Wow....it's already the start of a new week and I've learned so much here in Kigali, Rwanda. It's been a while since my last post because of some crazy situations. I had to buy a wireless modem for my laptop (which was relatively cheap) but after two days of trying it.....my anger would've been able to burn the house down because it wouldn't work. Eventually God provided a way for me to connect so I can officially say I'm linked-in at the house. But enough about my arguing.....God is Good so why does it matter.

My first week has been truly impacting because of the culture shock. I see children on the streets begging for money, the people here are driving around on motor bikes with dead chickens on there cart, and the one thing that I can't seem to understand.....the people here are very happy. I mean this place has a dark past (I'll get into that in the next blog, so be prepared for some graphic details), but everywhere I walk in Kigali, the people welcome you with open arms. I'm working at the Anglican Church's Day Care center in the mornings, and only after one day working.....I almost cried because all of the kids ran up to me hugging me and wanting me to hug them. The Arch-Bishops daughter inyett has taken my heart, every time she sees me, she screams A-D-A-MAH, and races to my arms with the cutest laugh and smile I have ever heard and seen. I understand now what Jesus meant when He said that we should have faith like a child, because just seeing inyett's face light up shows me how faithful she is to Christ and not even knowing Him fully yet.

God has shown me so much, and it's only been a week for me here. But I can begin to see why God has put me here......I was once in a country where blessings seemed to be everywhere, but all of a sudden I was beginning to worship the blessing more than the Creator who gave me that blessing. These past two years of my life have been dark, and it goes all the way back to the summer of 2009. My walk with the Lord took a big nosedive because all of a sudden, God took something away from me that I once cherished. It felt like the entire world went numb to me, and I started crying to God saying why did you do this to me.......I know I was messing up, but I was going to change for You. Then all of a sudden, He spoke to me saying, I have been answering all of your Prayers Adam......but now I need you to mature in your faith and Believe that I WILL HELP YOU. It took until April 3rd, 2011 for me to understand what He said to me that summer. My first church service in Rwanda was incredible.....it wasn't like an American Anglican Service because the worship was like southern gospel music, and the service was more free spirited than I could imagine, but it was the sermon that had woken me up. The sermon was describing the passage from Mark 6:45-52, and it was talking about the night that Jesus had walked on water. Now I want you to imagine yourself as a disciple in the boat, Jesus has told you that He needs to pray so He wants you to go ahead and go to the other side of the lake on the boat......If I was a disciple, I would think He is completely crazy because it would take Him probably the a day and half to get there. Jesus needed time to pray to His father, but it was through this time, that the Lord was shown how immature there faith really was. While the disciples were crossing the sea, a huge storm had started, and all through the night the disciples were rowing in pain because of the rough sea and winds to go along with it.....they were beginning to lose hope. By 4 A.M. they had seen a ghost out on the water.....and after crying this out, Jesus looks at them and says...."Take Heart, It is I, do not be afraid."

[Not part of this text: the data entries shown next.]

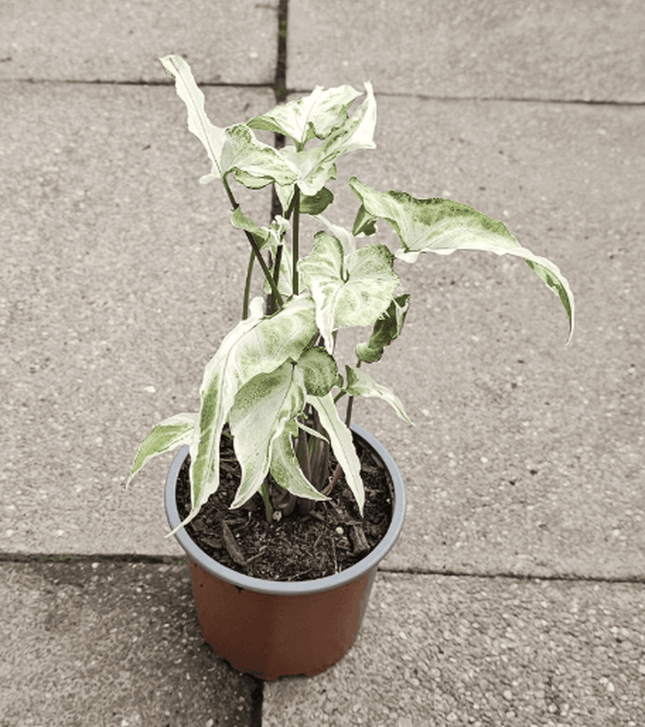Singonio Starlite | Vegago Chile
Success
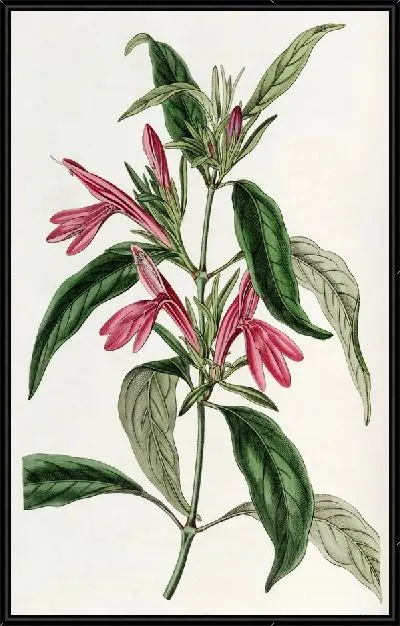 Картина Белопероне продолголистный (1815-1819)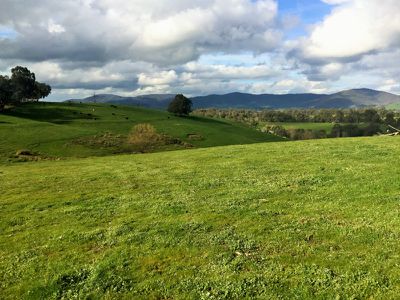Lot 28 Back Creek Road, Yackandandah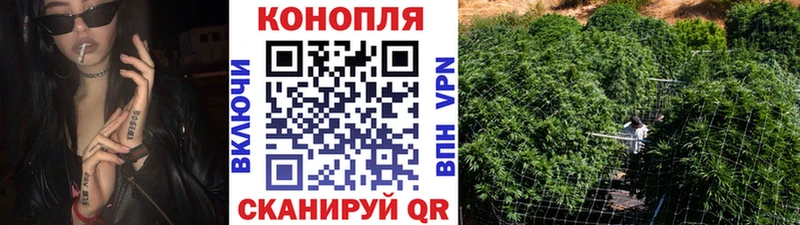Бошки марихуана AK-47  как найти закладки  omg ONION  Шали 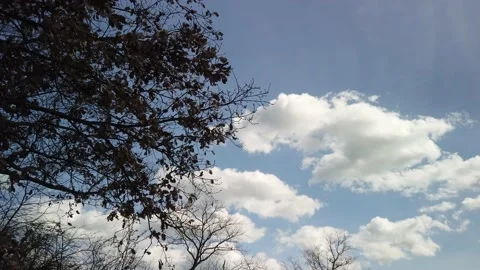 Timelapse clouds tree wind 4k - Timelapse nuvole con albero e vento Stock Footage 235195998
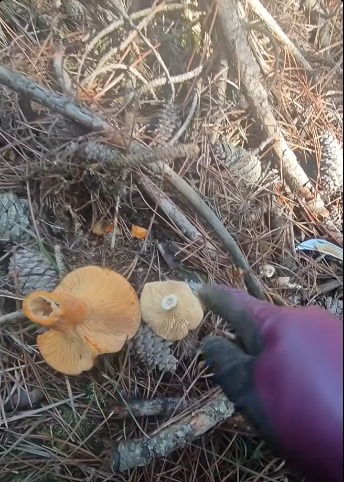 A17D5021 750D 4Ef9 94E5 641E3Be85463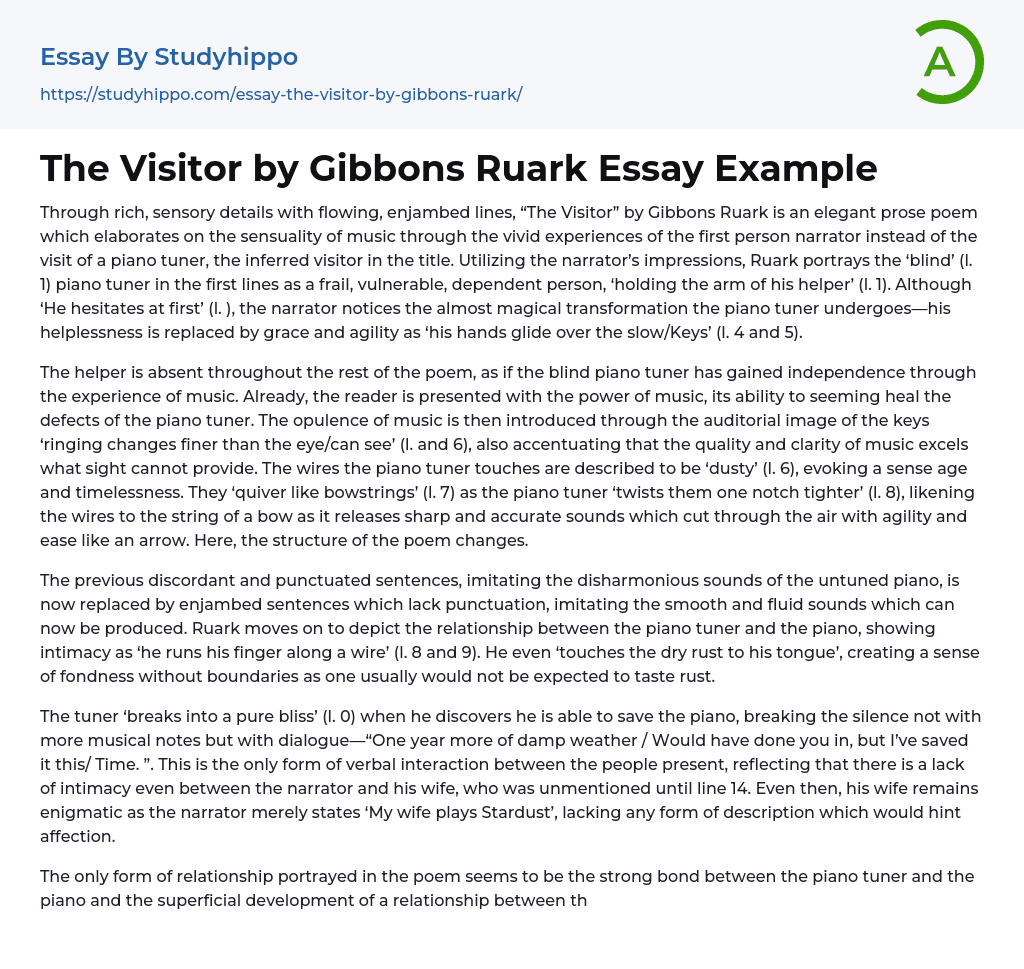The Visitor by Gibbons Ruark Essay Example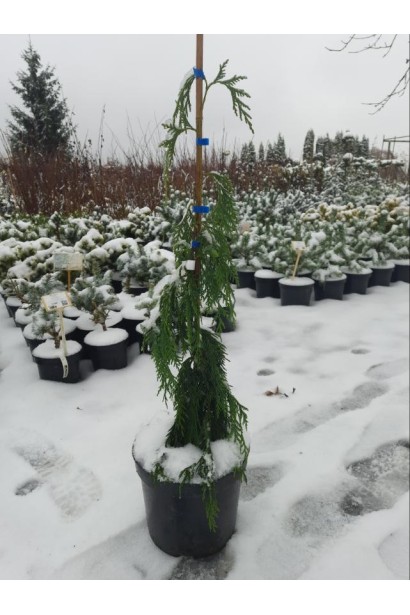 Кипарисовик нутканский Джубили - 7.5л/вис.80-100см/Ø20-25см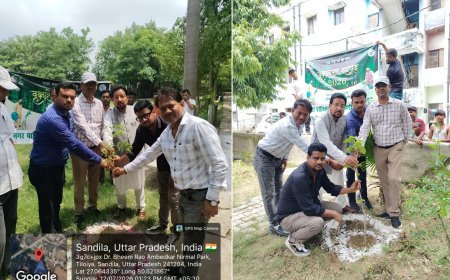 Hardoi News: संडीला में एक पेड़ मां के नाम अभियान के तहत नगर पालिका ने किया वृहद पौधारोपण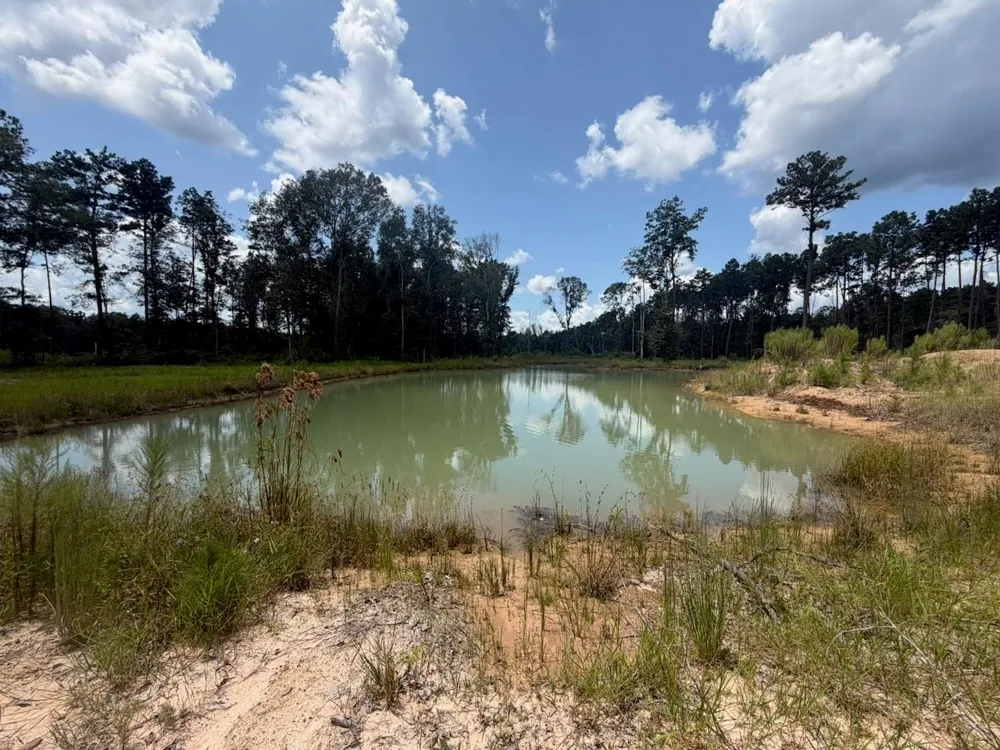 9870 Highway 326 Kountze, TX 77625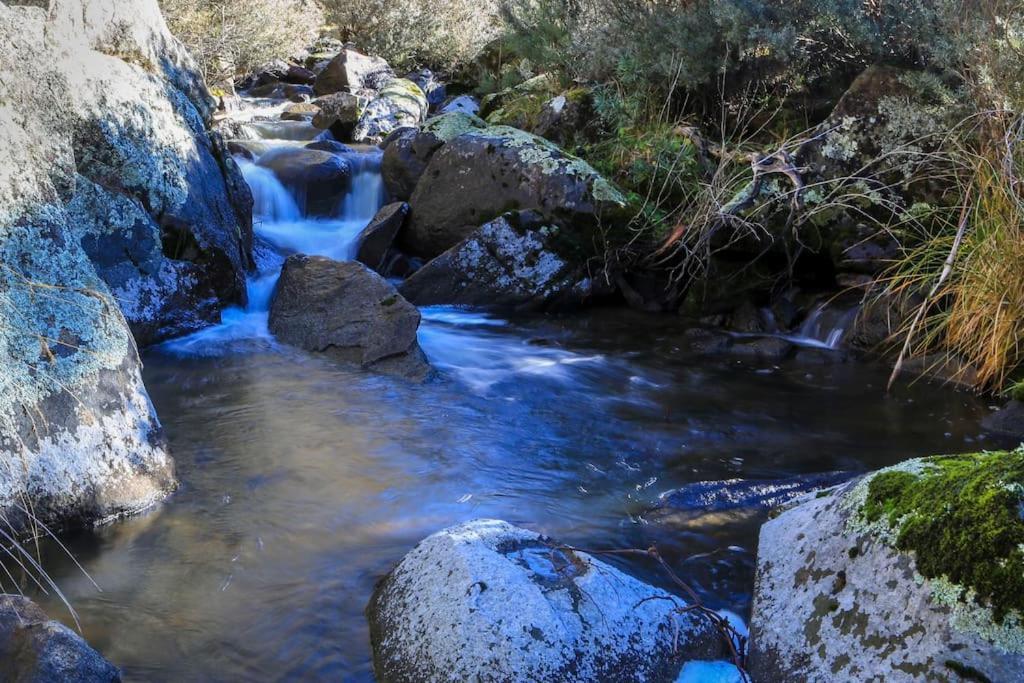 Big Yard Escapes - Two Off-Grid Tiny Houses On The Mowamba River Jindabyne Εξωτερικό φωτογραφία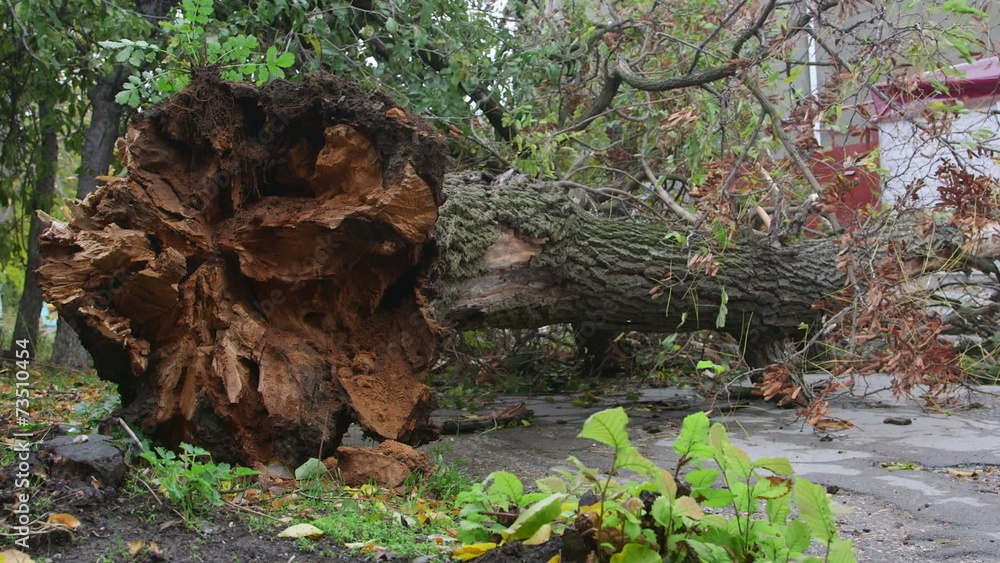 Fallen tree on urban street after storm Fallen tree on urban street after storm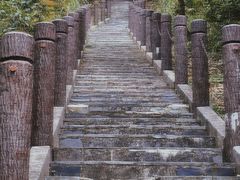 -田心森林公园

Now what you do learn is that Jesus "MEANT TO PASS BY THEM" and the point you see from this, is that God (Jesus) was trying to teach the disciples to be mature in their faith, even when hell itself is thrown on them. Sometimes in life, I know we feel that God isn't listening to us.....we feel cold, we feel like we're in total darkness, or worst of all we feel like God doesn't love us anymore. This is something that Satan has been using on me for two years now.....but after the service, God showed me that in order to be full to to the point of overflowing, I must mature you in your faith, which may mean you may not feel Him for a short or long time, but in the end, He will answer you in the most biggest way.

I have a blessed purpose now here in Kigali, and that is an opportunity to evangelize to the children in the Muslim community. David Mugisha, brother to Sam, and I are helping out with a local soccer team, which also means all the kids are pretty much Muslim. Our prayer request we ask is that God may guide us slowly with them, and that the Lord may show Himself to them by the love we give them. I love these kids so much, and the Lord has already established a connection with me to some of them. Pray that the harvest may be harvested, and if it's only one child, then it is still a victory. I love all of you, and thank you so much for being in my life. If you need prayer over anything just let me know.